PROBLEM — Reproduce, exactly and in full, the lines from the one with "Bright summer abstract" through the one with "Cafe Table for" in the data below; drop pictures.

GIVEN DATA —

# # # # # # #

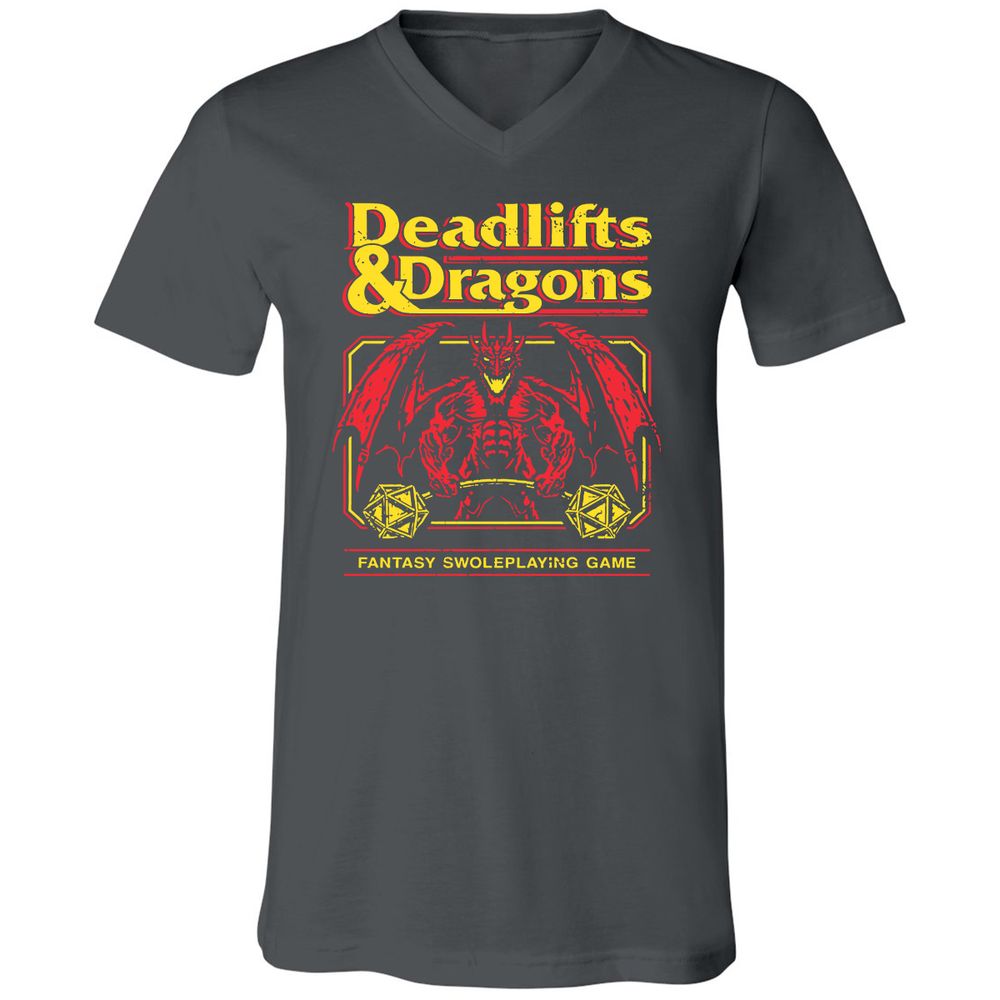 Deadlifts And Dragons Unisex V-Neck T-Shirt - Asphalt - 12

# # # # # # #

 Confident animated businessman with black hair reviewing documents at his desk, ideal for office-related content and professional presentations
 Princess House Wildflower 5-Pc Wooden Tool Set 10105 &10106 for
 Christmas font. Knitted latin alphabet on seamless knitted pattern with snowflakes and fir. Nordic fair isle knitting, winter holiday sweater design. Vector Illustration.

# # # # # # #

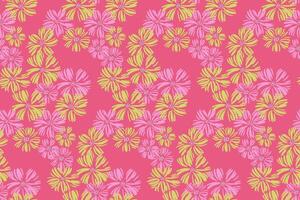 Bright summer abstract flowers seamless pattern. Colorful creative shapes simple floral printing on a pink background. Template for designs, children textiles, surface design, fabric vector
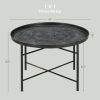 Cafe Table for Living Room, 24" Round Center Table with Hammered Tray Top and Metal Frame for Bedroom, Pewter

# # # # # # #

OUTPUT FOR THIS EXERCISE —
 Bright summer abstract flowers seamless pattern. Colorful creative shapes simple floral printing on a pink background. Template for designs, children textiles, surface design, fabric vector
 Cafe Table for Living Room, 24" Round Center Table with Hammered Tray Top and Metal Frame for Bedroom, Pewter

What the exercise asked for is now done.